Those things haven’t disappeared.
When the mirror isn’t neutral 🪞
Here’s the part that stings the most. Sometimes, it’s not you. Sometimes, it’s the mirror.
The person across from you isn’t evaluating capability. They’re scanning for something familiar. A tone they recognize. A resume that looks like theirs. A way of solving problems that feels like home.
Not because you’re not qualified. But because they weren’t looking for difference. They were looking for a reflection. Barrett’s research comes back here too, our brains aren’t just perceiving. They’re predicting. And if you don’t match the pattern?
You might not register at all. Not because you lack value. But because the mirror was too narrow to hold you.
The illusion of alignment 🗣️
There’s a name for this. Psychologists call it “similar-to-me bias.”
The more senior the decision-maker, the more likely they are to mistake comfort for competence.
It’s not about building the best team. It’s about building the most familiar one.
But that’s not innovation. That’s safety.
And safety tends to recycle itself.
If alignment means sameness, then difference never stands a chance.
Innovation lives in dissonance 😇
Daniel Goleman once warned us not to treat talent as fixed.
Real innovation doesn’t come from echo chambers. It comes from tension. From misfit thinking. From the person who doesn’t mirror the team—because they’re meant to add to it, not blend in.
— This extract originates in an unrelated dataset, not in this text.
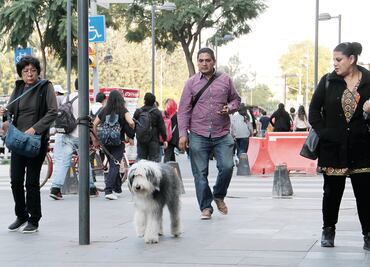 Hombres son más propensos a padecer cáncer de páncreas, asegura especialista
So maybe rejection doesn’t mean you lacked something. Maybe it just reflects the limits of someone else’s lens.
And if the mirror couldn’t see you, maybe it wasn’t made for you in the first place.
Reclaiming agency 💪🏿
So I’m not shrinking to fit. I’m not sanding down the parts of me that don’t match a template.
I’m not for everyone. That’s the point.
And I’m still here, not because someone validated my worth, but because I finally decided to see it for myself.
Maybe I wasn’t the right fit. Not for that room. Not that day.
But that doesn’t mean I stop.
It means I refine.
Not to win the next round. But to be more ready for the things that matter.
Growth doesn’t start with proving anyone wrong.
It starts when you realize rejection isn’t the ending.
It’s just a different kind of beginning, and I get a say in how it’s started.